La fioritura delle magnolie (dizionario della meraviglia)

La prima volta in cui mi sono accorto delle magnolie in fiore era un sabato di aprile. La domenica avremmo votato per le regionali, mantenendo intatti orgoglio e certezza della sconfitta, per me sarebbero state le prime elezioni, il primo voto, la mia prima volta.

Sono stato lasciato da Gaia il venerdì pomeriggio, ma come poi sarebbe successo molte altre volte, ci ho messo un po’ più tempo a capire e ho realizzato sabato mattina che, in effetti, ero rimasto solo. Il giorno prima delle elezioni, ma peggio ancora, a pochi passi dalla prima estate insieme, da soli.

Mi ero seduto davanti a casa sua, come potesse servire a qualcosa, e avevo sentito quel profumo incredibile venirmi da sopra la testa. Ecco le magnolie in fiore, in mezzo alla città. Non le avevo mai viste, mai sentite, mai avevo capito.

La meraviglia.

Succede così, la meraviglia. Non lo sapevi prima, lo sai, ed è bellissimo.

Quasi quindici anni dopo, lo stesso giorno di aprile, alla fine del pomeriggio, è nato il Piccolo. Sono uscito nel cortile dell’ospedale per fumare una sigaretta, e ho trovato le magnolie in fiore. Mi sono ricordato della meraviglia, e ho aggiunto il ricordo a una meraviglia ancora nuova. C’era odore di bagnato, nel cortile, e il sole stava scomparendo dietro a uno dei padiglioni, illuminando solo la punta dell’albero. Alla sera ho preso la moto e sono tornato a casa, sentendo l’aria calda sulle braccia e le vibrazioni del due cilindri.

La meraviglia.

La meraviglia raccoglie quello che c’è intorno, dettagli insignificanti, magari piccole cose che non avrebbero mai trovato spazio nella tua memoria, per metterle insieme. La meraviglia cucina tutto insieme. E così il vibrare godurioso del due cilindri e il sole caldo mi sono rimasti nelle braccia, nella testa, insieme alla magnolia, insieme a un figlio che nasce.

L’anno scorso, lo stesso giorno, era martedì, ho preso una strada sterrata che saliva a un santuario, con la moto che ha iniziato a slittare, ondulando come fosse una zattera.

Ho respirato il profumo del prato, l’odore del legno umido, mi sono accarezzato per togliermi la polvere dalla barba, ho appoggiato la mano vicino al motore per sentire il caldo, la fatica dei due cilindri.

Chi sono io, adesso?

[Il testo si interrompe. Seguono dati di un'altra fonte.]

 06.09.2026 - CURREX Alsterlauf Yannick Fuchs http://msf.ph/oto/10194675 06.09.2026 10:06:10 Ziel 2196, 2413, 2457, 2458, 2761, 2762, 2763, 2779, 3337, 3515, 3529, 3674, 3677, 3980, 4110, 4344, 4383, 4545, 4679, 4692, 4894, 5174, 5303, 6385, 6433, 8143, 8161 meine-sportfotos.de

Ho pensato.

Non mi so mai rispondere.

Ma so di certo che ti ho cercata in un sacco di posti sbagliati, e non ho mai saputo ammettere che non trovarti fosse logico.

Alla fine di un sentiero, fatto di corsa, nelle gambe socchiuse di una donna, nel sorriso di un amico, su una spiaggia a fine stagione, dal finestrino di un aereo.

So dove non ti ho trovata. E so di aver bisogno di te.

Ultimamente corro. Mi sembra il palliativo migliore. Mi meraviglio delle mie gambe, di un panorama, dello scorrere del tempo.

Ma quelle magnolie in fiore, quello è stato davvero un inizio.